> _Task instructions_
Only the lines from the one containing "Building Photo - 1235 W Rangeview Cir" through the final line below belong in the output, copied exactly and without pictures.

== Supplied information ==

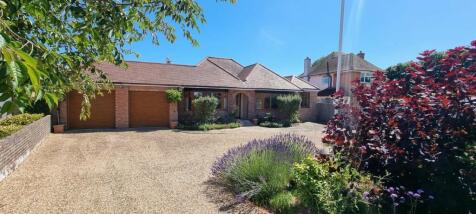 5 bedroom detached bungalow for sale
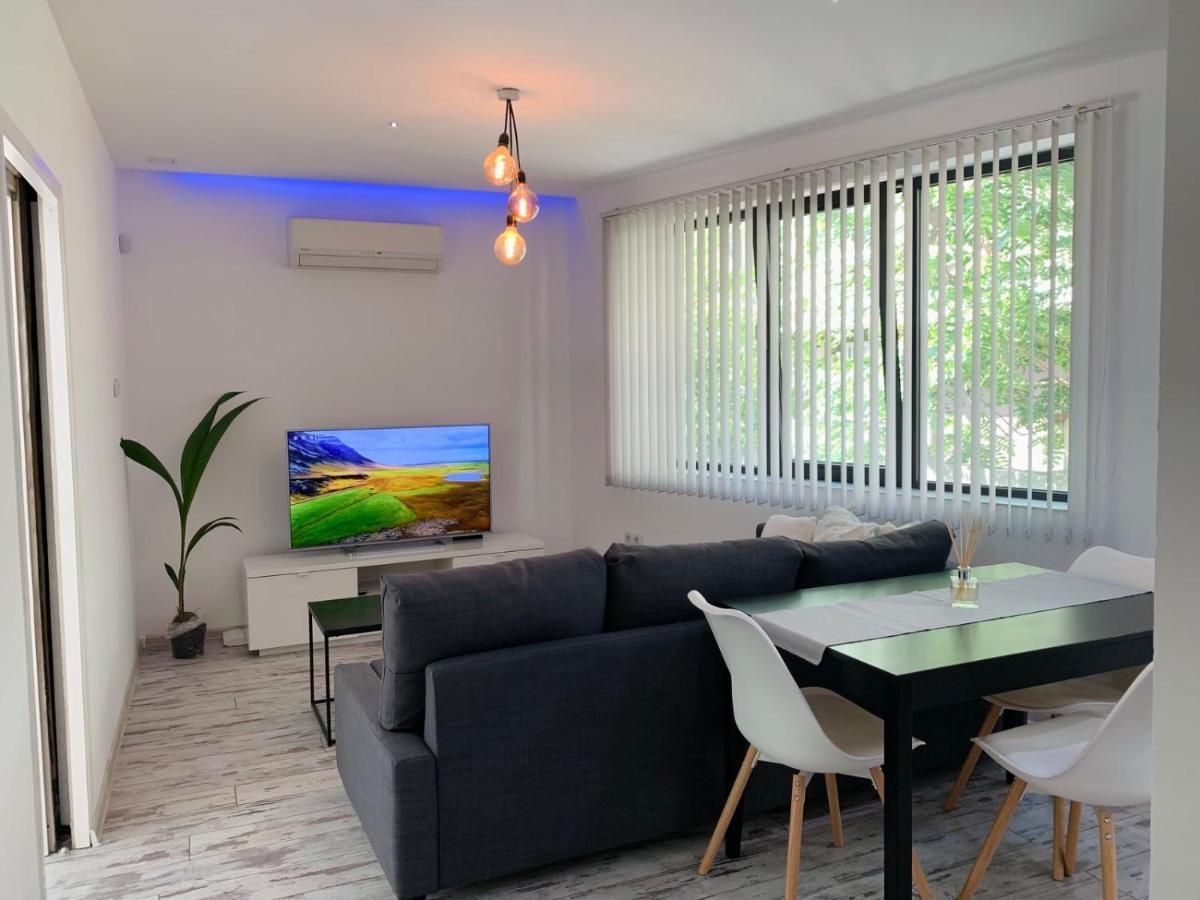 Nordic Style Apartment With Underground Parking Sofia Eksteriør bilde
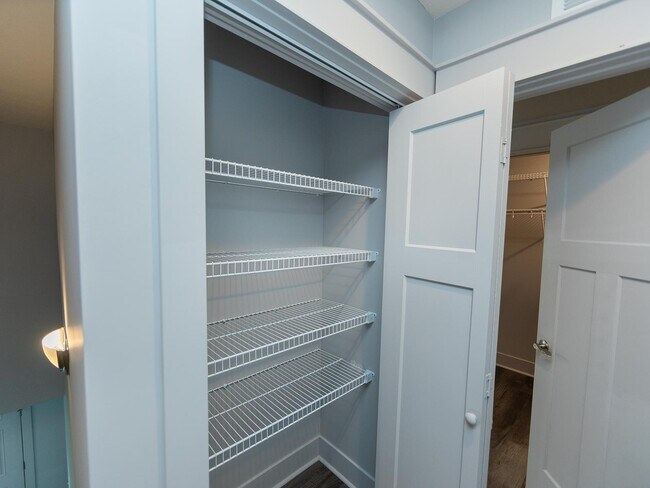 Building Photo - 1235 W Rangeview Cir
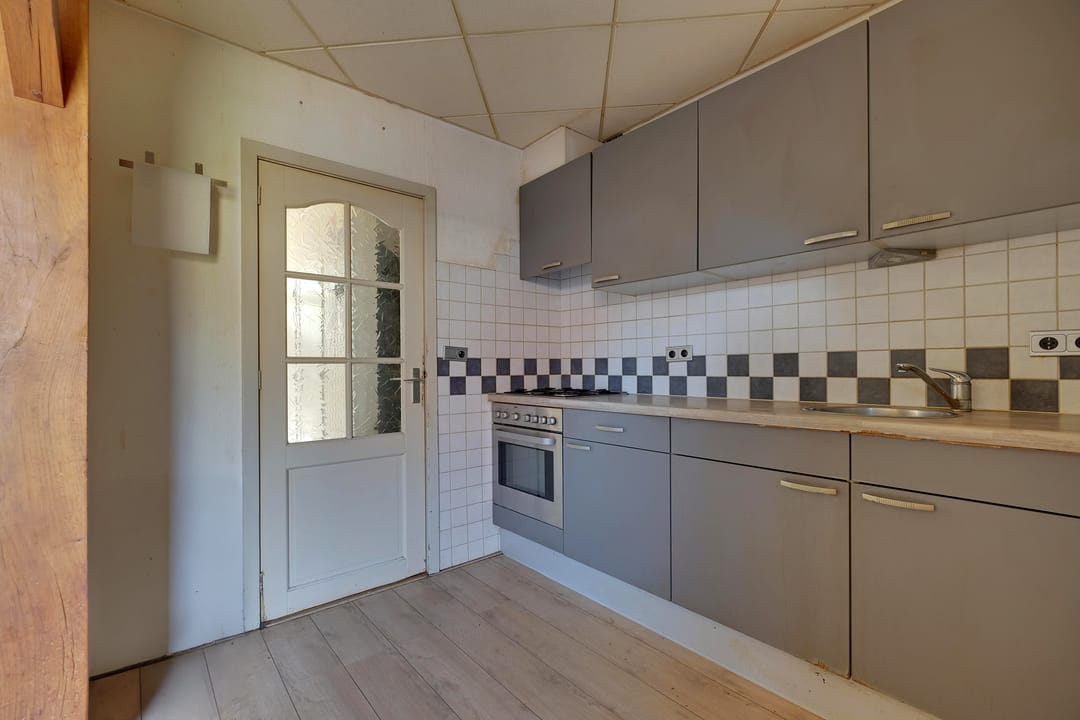 Photo 11 of Diepenbroekstraat 15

===

> _Problem solution_
 Building Photo - 1235 W Rangeview Cir
 Photo 11 of Diepenbroekstraat 15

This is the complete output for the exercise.